Top of Supplied data
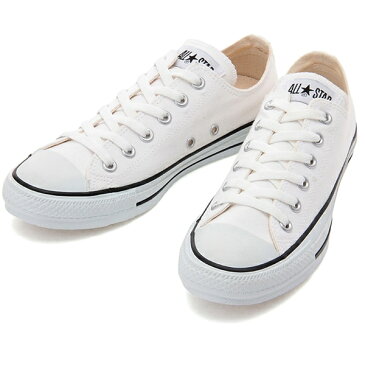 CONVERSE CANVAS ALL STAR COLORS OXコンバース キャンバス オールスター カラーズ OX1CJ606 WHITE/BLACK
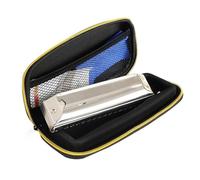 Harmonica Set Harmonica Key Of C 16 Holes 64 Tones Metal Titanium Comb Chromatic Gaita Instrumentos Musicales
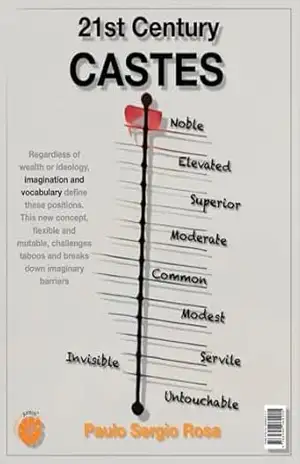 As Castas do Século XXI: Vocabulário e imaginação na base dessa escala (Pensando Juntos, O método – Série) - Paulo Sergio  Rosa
Bottom of Supplied data
Top of Supplied data
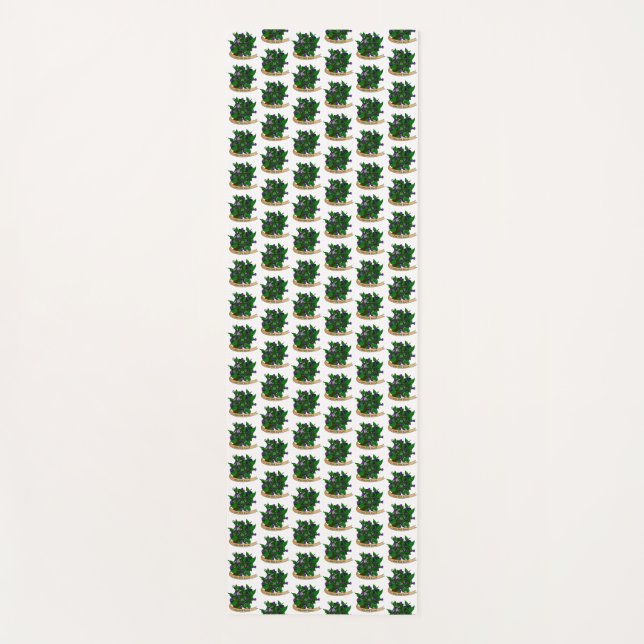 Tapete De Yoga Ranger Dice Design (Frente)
Bottom of Supplied data
Problem to solve
Give again the stretch of the entries above that begins at the line with "CONVERSE CANVAS ALL" and ends at the line with "Harmonica Set Harmonica", word for word, with no pictures.

Output for this exercise
 CONVERSE CANVAS ALL STAR COLORS OXコンバース キャンバス オールスター カラーズ OX1CJ606 WHITE/BLACK
 Harmonica Set Harmonica Key Of C 16 Holes 64 Tones Metal Titanium Comb Chromatic Gaita Instrumentos Musicales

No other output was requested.